= MIX (Microsoft) =

Web developer conference

MIX was a Microsoft conference held annually for Web developers and designers at which Microsoft showcased upcoming web technologies. The conference was held each spring at the Venetian Hotel in Las Vegas. Unlike many of Microsoft's technical conference, MIX has been promoted more heavily to designers by inviting popular speakers from other popular web design conferences, such as SXSW, and has sponsored a CSS design contest each year to promote the conference. Microsoft has also used this conference as an opportunity to promote new web design and development tools such as Silverlight and Microsoft Expression Studio.

On January 24, 2012, the official Microsoft blog stated that there will be no MIX 2012. MIX was replaced by Build later that year.

==MIX 06==
MIX 06 was held from March 20 to March 22, 2006. It focused on the new Internet Explorer 7 and WPF (a part called WPF/E later became known as Silverlight). It featured a keynote by Bill Gates in which he said "We need microformats".

==MIX 07==
MIX 07 was held from April 30 to May 7, 2007. The primary focus of the MIX 2007 was promoting Silverlight. The majority of the session content was focused on demonstrating Silverlight applications and the development tools used to build them. The main keynote, given by Scott Guthrie was also promoting Silverlight. Microsoft Expression Studio was also released to manufacturing thereafter.

===reMIX Events===
Along with the main conference in Las Vegas, several reMIX events were held throughout 2007 in other cities. The reMIX conferences represented the sessions from MIX with different keynote speakers.

==MIX 08==
MIX 08 was held from March 5–March 7, 2008. The first beta release of Microsoft's Windows Internet Explorer 8 was demonstrated and contained many new features, including WebSlices and Activities.

==MIX 09==
MIX 09 was held from March 18–20, 2009. Availability of the final version of Internet Explorer 8 was announced, as well as a demonstration of Silverlight 3 and Expression Blend 3.0 betas.
Microsoft released beta tooling for software developers to create applications using Silverlight, which is Microsoft’s framework for creating rich Internet applications. Microsoft released version 1.0 of ASP.NET MVC on March 13, 2009, just prior to the MIX event. MVC stands for model–view–controller and refers to a particular process for building web applications. Microsoft also announced at MIX 2009 that Silverlight 3 would support H.264/MPEG-4 AVC video, an emerging Web video standard adopted by such sites as YouTube. In addition, Microsoft said applications built using Silverlight 3 can run offline as well as in a Web browser.

==MIX 10==
MIX 10 was held from March 15–17, 2010 in Las Vegas. The main focus of MIX 10 was on the next version of Microsoft's web browser, Internet Explorer 9, and Microsoft's highly anticipated next-generation mobile platform, Windows Phone 7. Microsoft's Silverlight technology also had a large appearance at the conference, as it has for the last few years at MIX.

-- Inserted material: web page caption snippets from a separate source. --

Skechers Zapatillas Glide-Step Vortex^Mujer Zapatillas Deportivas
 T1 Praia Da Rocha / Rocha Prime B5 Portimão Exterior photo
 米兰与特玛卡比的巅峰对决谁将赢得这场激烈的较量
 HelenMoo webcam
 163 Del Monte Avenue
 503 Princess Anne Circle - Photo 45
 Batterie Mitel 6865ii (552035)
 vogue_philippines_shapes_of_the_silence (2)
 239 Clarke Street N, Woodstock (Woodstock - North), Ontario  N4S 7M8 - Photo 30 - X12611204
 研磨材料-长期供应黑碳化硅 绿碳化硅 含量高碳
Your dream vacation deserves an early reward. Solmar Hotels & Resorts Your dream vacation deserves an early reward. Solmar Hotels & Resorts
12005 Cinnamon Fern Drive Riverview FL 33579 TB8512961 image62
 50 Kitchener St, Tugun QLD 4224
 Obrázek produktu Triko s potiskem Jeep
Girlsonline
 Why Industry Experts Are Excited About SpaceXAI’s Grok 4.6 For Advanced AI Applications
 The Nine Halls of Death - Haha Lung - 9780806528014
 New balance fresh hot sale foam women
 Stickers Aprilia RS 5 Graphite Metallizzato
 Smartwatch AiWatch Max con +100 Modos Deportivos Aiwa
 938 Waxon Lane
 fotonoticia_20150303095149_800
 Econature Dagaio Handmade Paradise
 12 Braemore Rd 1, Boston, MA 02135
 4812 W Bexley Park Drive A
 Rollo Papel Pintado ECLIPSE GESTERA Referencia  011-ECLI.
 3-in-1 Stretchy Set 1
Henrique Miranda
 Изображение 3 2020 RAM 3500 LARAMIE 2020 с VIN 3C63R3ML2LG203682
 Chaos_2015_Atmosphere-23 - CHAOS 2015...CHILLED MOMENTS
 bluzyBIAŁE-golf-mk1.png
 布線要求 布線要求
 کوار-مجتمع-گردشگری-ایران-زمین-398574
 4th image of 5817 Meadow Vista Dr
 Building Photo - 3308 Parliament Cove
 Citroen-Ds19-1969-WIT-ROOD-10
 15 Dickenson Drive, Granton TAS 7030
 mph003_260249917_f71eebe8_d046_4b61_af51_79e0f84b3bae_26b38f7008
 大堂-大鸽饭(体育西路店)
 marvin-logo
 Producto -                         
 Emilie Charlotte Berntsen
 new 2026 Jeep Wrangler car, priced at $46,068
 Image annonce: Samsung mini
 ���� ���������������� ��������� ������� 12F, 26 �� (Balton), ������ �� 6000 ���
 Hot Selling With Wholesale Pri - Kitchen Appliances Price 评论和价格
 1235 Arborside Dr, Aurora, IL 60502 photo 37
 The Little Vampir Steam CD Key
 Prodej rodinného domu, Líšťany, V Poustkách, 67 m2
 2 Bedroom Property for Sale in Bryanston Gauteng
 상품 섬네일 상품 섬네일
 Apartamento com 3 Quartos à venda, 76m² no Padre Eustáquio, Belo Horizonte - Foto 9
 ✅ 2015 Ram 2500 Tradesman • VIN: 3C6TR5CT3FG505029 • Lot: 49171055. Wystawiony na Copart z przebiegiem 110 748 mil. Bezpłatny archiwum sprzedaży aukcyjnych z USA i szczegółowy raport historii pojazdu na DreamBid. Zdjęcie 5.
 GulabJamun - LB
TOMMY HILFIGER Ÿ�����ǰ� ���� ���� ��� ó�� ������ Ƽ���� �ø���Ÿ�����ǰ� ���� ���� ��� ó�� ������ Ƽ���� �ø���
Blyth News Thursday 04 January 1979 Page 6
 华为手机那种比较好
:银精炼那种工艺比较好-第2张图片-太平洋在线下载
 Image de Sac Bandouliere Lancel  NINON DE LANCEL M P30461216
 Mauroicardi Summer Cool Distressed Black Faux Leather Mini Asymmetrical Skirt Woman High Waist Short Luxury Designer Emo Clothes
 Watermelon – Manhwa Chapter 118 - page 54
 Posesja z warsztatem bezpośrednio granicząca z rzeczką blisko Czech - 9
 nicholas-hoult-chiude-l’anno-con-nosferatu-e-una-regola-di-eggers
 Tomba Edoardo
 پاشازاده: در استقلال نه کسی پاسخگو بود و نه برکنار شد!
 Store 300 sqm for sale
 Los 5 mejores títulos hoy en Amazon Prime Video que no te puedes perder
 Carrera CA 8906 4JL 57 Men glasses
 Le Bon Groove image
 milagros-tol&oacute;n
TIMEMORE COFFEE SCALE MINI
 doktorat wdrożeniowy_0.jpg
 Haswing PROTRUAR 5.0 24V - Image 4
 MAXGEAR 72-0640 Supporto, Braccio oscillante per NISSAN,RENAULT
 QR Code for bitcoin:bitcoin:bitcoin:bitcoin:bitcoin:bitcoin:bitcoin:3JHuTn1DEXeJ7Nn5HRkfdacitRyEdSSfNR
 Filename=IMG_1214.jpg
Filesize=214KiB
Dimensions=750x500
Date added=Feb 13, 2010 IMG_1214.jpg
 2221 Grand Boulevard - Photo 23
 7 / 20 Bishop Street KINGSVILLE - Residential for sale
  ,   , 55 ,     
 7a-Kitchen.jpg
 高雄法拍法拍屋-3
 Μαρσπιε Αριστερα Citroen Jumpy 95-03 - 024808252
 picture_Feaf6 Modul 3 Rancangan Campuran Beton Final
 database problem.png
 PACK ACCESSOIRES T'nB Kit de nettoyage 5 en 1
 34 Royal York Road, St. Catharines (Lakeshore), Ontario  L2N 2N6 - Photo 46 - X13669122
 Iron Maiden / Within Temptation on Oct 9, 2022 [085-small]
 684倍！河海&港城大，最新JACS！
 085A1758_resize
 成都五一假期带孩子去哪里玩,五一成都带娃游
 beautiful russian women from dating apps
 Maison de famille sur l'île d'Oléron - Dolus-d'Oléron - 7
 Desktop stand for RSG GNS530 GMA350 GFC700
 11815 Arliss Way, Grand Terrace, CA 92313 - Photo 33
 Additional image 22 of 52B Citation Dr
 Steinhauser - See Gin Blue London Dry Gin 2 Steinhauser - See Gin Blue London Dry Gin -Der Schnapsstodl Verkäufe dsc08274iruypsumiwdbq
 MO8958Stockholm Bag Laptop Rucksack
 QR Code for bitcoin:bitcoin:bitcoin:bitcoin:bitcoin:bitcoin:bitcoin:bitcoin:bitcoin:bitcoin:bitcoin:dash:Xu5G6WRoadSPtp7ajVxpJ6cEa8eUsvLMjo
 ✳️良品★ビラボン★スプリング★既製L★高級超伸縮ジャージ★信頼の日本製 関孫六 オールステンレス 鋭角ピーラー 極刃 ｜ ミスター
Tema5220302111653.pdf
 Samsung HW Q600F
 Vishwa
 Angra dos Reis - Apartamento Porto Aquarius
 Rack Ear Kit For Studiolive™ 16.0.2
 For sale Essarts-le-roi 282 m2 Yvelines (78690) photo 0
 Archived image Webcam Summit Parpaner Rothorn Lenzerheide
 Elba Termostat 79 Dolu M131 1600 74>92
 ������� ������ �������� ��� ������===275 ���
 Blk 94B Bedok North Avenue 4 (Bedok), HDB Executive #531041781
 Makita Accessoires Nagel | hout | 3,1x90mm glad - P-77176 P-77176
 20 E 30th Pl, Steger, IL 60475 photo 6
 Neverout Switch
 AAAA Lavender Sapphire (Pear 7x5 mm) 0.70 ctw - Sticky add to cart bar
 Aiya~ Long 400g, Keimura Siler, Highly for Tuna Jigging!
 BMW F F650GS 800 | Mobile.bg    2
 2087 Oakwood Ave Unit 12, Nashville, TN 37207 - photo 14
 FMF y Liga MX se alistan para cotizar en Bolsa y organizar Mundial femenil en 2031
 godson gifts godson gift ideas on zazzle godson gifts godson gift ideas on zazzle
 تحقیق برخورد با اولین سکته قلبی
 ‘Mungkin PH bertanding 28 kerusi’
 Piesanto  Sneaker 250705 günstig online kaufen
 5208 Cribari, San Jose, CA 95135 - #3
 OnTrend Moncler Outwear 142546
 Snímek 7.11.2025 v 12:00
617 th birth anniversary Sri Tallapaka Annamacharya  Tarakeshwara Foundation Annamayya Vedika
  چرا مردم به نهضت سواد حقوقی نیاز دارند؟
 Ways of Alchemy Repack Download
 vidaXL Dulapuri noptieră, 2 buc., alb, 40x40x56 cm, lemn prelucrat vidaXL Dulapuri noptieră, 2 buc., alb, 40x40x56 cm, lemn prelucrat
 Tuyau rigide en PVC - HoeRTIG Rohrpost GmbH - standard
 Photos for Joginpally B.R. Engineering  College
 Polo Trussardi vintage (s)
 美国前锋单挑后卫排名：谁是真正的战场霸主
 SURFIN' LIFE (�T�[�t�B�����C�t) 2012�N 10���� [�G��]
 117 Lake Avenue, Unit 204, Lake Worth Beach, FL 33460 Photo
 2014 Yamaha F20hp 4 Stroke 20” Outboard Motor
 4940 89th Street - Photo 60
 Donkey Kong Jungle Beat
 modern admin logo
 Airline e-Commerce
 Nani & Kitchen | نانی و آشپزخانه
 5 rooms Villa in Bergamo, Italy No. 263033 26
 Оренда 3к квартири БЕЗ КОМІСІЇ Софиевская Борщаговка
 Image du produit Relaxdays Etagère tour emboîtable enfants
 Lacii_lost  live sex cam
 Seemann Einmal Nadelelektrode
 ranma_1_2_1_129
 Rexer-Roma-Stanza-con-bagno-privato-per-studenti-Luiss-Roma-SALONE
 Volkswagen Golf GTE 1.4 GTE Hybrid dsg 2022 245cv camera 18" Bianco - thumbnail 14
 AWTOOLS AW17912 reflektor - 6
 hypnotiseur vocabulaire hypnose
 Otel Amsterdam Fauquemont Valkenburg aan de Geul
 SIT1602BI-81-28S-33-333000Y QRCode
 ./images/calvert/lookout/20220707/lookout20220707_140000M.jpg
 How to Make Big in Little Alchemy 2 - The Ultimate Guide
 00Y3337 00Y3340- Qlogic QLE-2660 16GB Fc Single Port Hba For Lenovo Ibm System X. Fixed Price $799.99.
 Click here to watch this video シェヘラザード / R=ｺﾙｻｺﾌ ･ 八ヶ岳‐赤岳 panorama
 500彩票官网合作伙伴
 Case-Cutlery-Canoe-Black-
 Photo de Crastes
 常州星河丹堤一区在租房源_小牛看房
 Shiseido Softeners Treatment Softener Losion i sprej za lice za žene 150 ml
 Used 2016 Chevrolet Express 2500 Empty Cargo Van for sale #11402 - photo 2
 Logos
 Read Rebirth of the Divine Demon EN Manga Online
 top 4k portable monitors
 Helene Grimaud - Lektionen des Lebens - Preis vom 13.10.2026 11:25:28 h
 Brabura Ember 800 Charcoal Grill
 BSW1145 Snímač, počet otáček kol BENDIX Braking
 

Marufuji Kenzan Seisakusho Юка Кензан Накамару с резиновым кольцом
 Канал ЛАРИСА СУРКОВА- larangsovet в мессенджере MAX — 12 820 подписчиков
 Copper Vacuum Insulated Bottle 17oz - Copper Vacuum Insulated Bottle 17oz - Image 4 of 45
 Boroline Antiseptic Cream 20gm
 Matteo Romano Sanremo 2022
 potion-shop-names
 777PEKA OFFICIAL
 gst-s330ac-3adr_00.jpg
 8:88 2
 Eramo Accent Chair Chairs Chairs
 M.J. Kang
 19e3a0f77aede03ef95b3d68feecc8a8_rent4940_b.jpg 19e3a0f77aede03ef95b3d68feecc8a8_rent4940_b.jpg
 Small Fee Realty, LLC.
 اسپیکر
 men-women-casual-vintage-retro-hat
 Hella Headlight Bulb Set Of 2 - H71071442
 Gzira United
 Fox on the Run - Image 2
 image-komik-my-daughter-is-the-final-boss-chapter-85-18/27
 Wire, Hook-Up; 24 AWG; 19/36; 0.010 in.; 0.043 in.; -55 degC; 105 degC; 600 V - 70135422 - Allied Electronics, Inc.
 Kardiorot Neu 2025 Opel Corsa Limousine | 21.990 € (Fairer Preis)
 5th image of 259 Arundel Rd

On the first day of MIX 2010, Microsoft released a number of software development toolkits for Windows Phone 7 application developers to use, including a Silverlight 4 multimedia toolkit, for developing Rich Internet Applications (RIA), and a beta release of Microsoft Expression Blend 4, a GUI-designed and code-generating toolkit. The tools will run inside Windows PC Visual Studio 2010. Microsoft demonstrated a number of applications that had already been created to run on Windows Phone 7, including a news reader app from the Associated Press and an app called Seesmic for managing Twitter accounts and feeds.

On day two of MIX 2010, Microsoft presented details on the Web browser that will go into Windows Phone 7, explaining that it will be based on the Internet Explorer 7 desktop browser and will replace the IE Mobile 6 browser that was included in Windows Mobile 6.5, the predecessor to the Windows Phone 7 operating system. Key features of the new browser are four-point multitouch functionality, zoom-in and zoom-out using a pinching finger gesture on the screen, and what Microsoft called "deep zoom" for high fidelity closeups.

==MIX 11==
MIX 11 was held from April 12–14, 2011 at the Mandalay Bay Resort and Casino in Las Vegas.
The company showcased Internet Explorer 10 (IE10), which was actually running on an ARM processor.